KARACHI– Researchers from Aga Khan University (AKU) have launched a comprehensive study aimed at understanding and addressing public health risks posed by smokeless tobacco products,that are largely ignored by policymakers.
Unlike cigarettes, smokeless or chewing tobacco products such as paan (betel leaf), niswaar (powdered tobacco snuff) and gutka (a mix of tobacco and areca nut), carry no health warnings on packaging, resulting in many individuals failing to appreciate the life-threatening consequences of consuming such addictive products.
“You can buy 4 packets of chewing tobacco for under a rupee from any cabin on the street and most people think that these products are a harmless high,” says Prof Javaid Khan from Aga Khan University who is leading the Pakistan component of a regional study, Astra, into smokeless tobacco. “Everyone is focused on cigarettes even though 85% of the world’s 300 million users of chewing tobacco live in countries in South Asia such as Pakistan, India and Bangladesh.”
According to Dr. Khan, the use of smokeless tobacco products is a major factor behind Oral Cancer being the second most common form of cancer in Pakistan. He adds that recent research has shown that smokeless tobacco can now be linked to cardiovascular diseases.
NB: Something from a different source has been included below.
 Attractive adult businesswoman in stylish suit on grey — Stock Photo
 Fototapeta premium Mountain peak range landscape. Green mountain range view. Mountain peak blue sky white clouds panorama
Astra will see researchers from 12 universities, collaborating on this interdisciplinary project that spans Pakistan, Bangladesh and India. The wide scope of activities under the study range from qualitative studies into the personal and socio-economic reasons that drives smokeless tobacco use, right through to the development of cost-effective interventions that work best for each country’s policy environment.
“We first want to establish a baseline scenario of the drivers of smokeless tobacco consumption, especially among the youth,” says Dr. Khan. “This would not only cover the motivations of consumers but would also explore the lobbies and business interests that are preventing legislation.”
Insights from this study will lead to the development of cessation interventions. This phase will aid the researchers in analyzing whether economic incentives, behavioral changes, or the use of medicine-based therapies help users in quitting smokeless tobacco products.